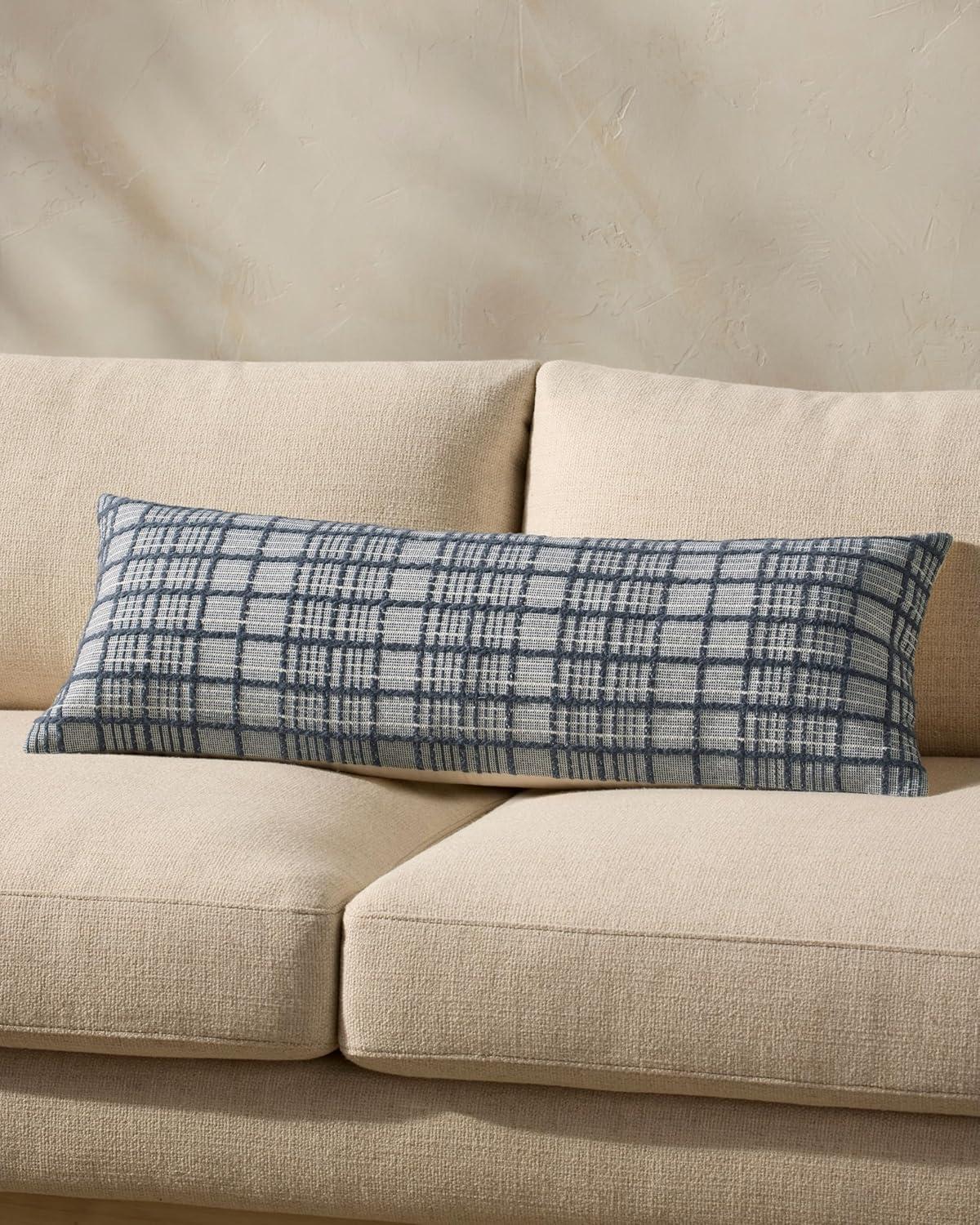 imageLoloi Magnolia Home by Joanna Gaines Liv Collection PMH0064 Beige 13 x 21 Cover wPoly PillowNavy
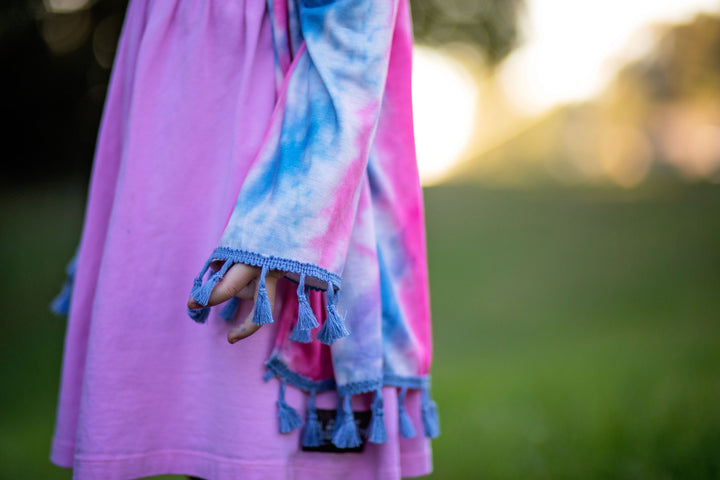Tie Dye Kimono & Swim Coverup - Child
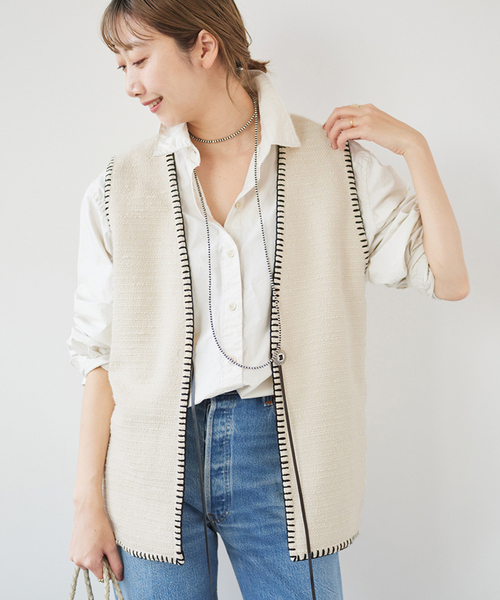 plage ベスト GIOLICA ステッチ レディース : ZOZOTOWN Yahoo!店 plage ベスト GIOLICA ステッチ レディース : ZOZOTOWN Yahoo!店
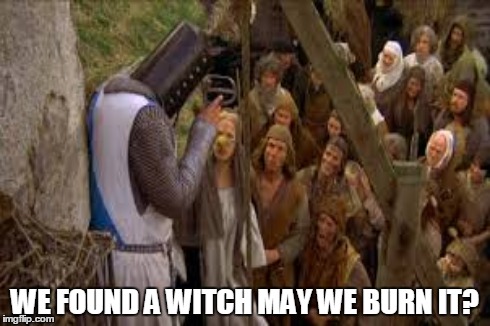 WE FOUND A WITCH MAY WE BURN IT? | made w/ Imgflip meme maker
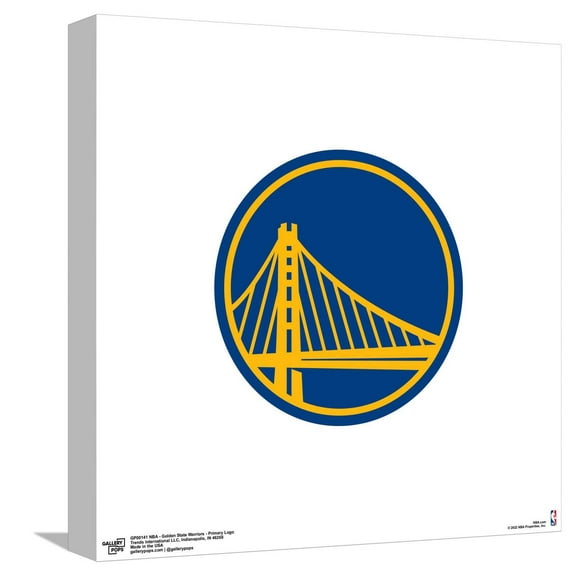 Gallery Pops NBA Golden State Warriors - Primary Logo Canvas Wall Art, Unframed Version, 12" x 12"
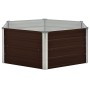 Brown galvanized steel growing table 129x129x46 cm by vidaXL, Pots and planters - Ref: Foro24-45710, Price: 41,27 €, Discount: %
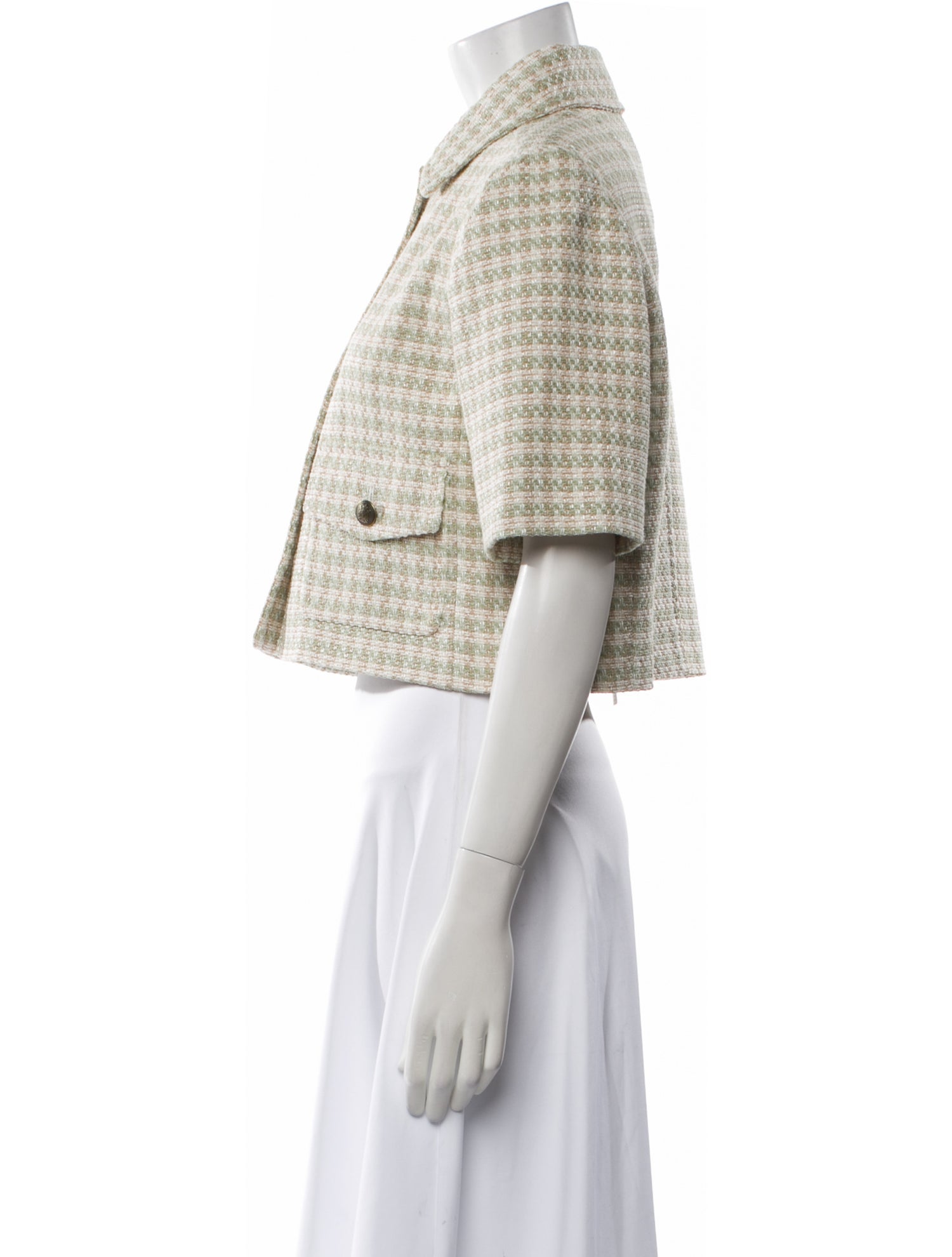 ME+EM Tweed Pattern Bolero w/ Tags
* * *
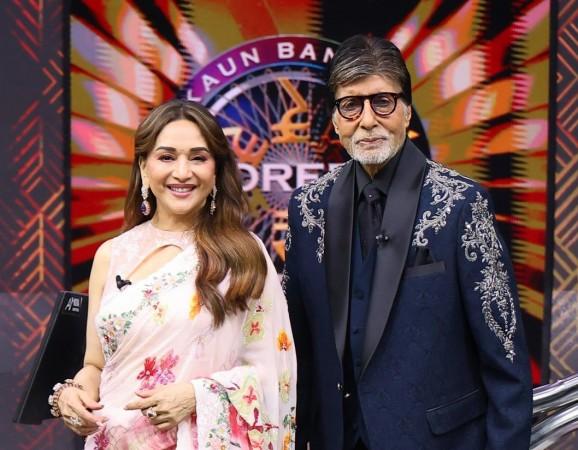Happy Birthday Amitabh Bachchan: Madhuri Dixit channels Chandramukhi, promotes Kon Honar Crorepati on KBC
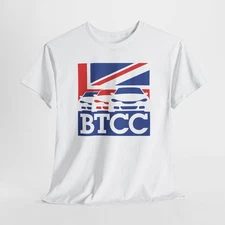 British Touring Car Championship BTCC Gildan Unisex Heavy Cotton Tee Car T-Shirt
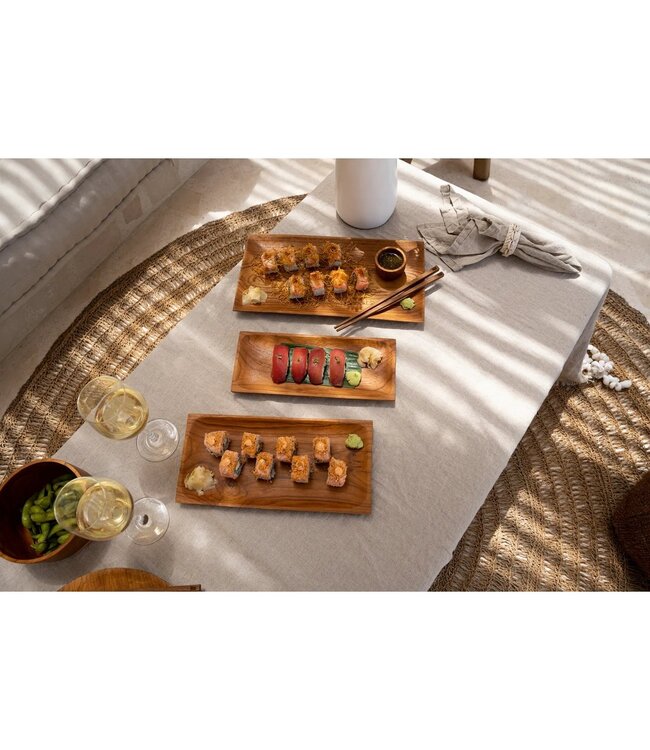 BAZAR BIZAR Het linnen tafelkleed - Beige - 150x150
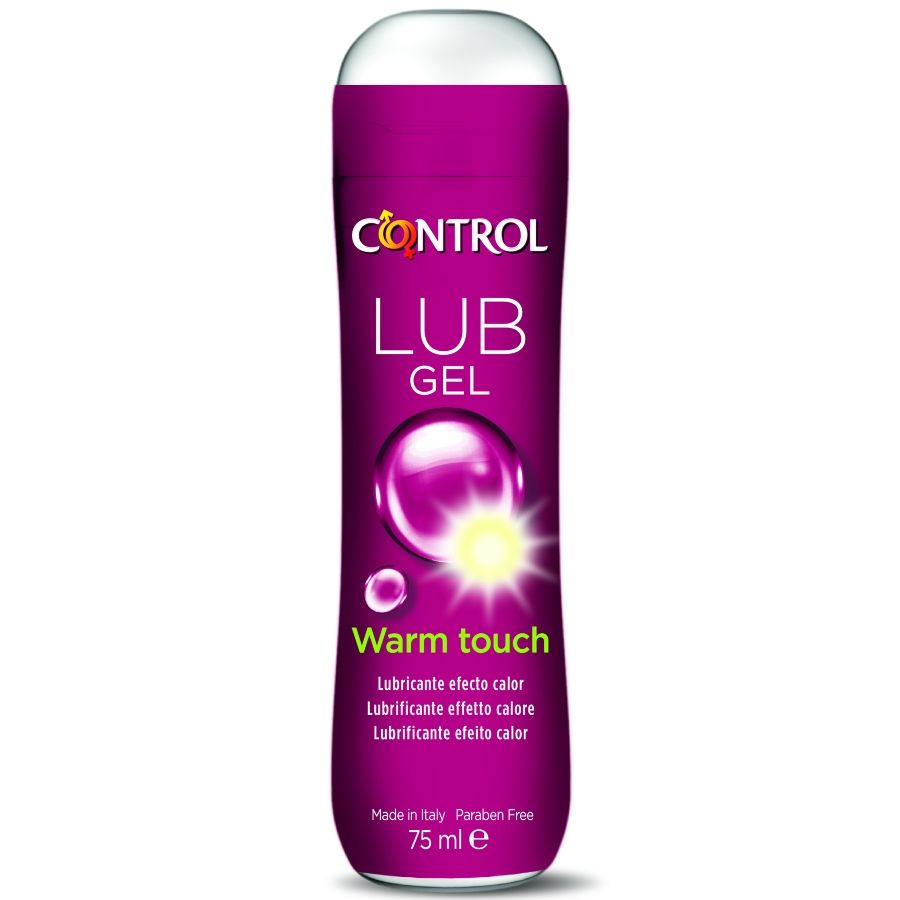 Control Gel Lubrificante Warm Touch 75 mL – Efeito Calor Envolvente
--
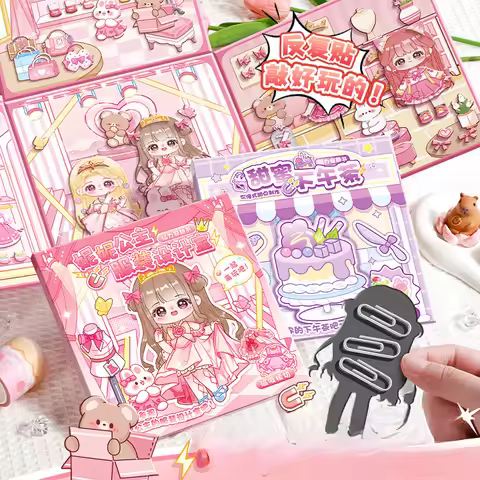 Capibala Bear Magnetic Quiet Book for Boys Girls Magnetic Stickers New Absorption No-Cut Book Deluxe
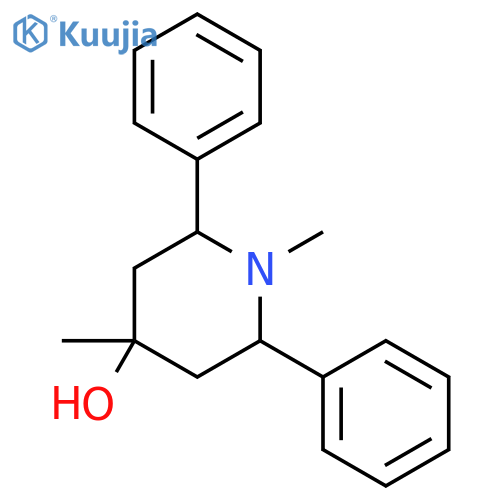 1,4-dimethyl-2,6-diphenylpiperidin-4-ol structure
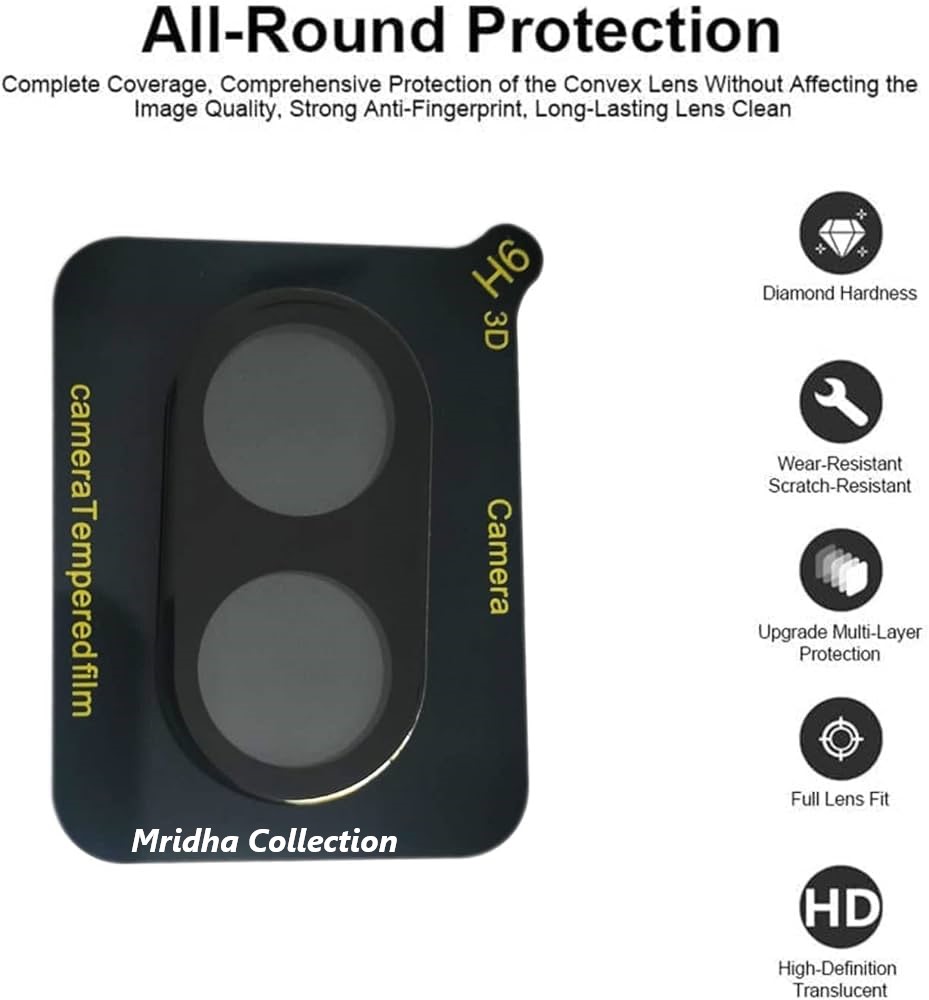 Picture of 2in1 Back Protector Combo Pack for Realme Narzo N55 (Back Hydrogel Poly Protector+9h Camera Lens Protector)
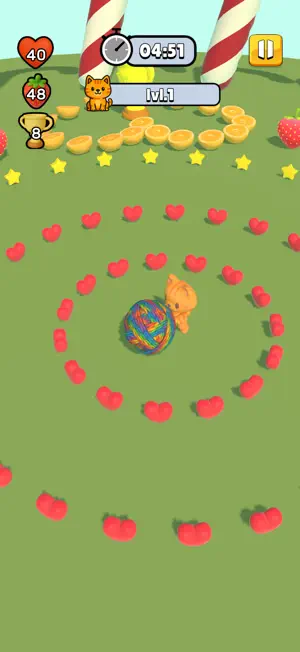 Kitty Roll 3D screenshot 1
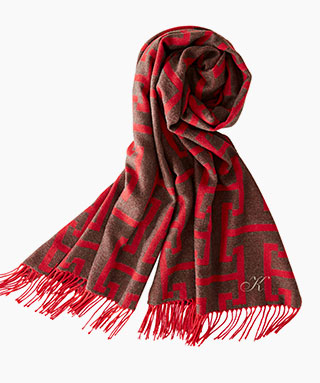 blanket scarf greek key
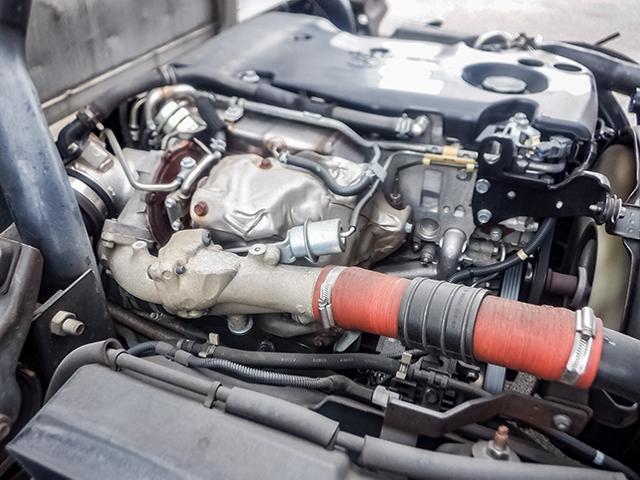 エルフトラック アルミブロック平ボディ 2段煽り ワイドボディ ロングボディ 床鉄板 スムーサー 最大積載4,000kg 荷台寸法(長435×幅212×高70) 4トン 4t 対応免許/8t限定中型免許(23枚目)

• **Task description**
Start at the line above containing "British Touring Car" and stop at the line containing "Control Gel Lubrificante": print those lines and everything between them exactly, but not the pictures.

• **Reply**
 British Touring Car Championship BTCC Gildan Unisex Heavy Cotton Tee Car T-Shirt
 BAZAR BIZAR Het linnen tafelkleed - Beige - 150x150
 Control Gel Lubrificante Warm Touch 75 mL – Efeito Calor Envolvente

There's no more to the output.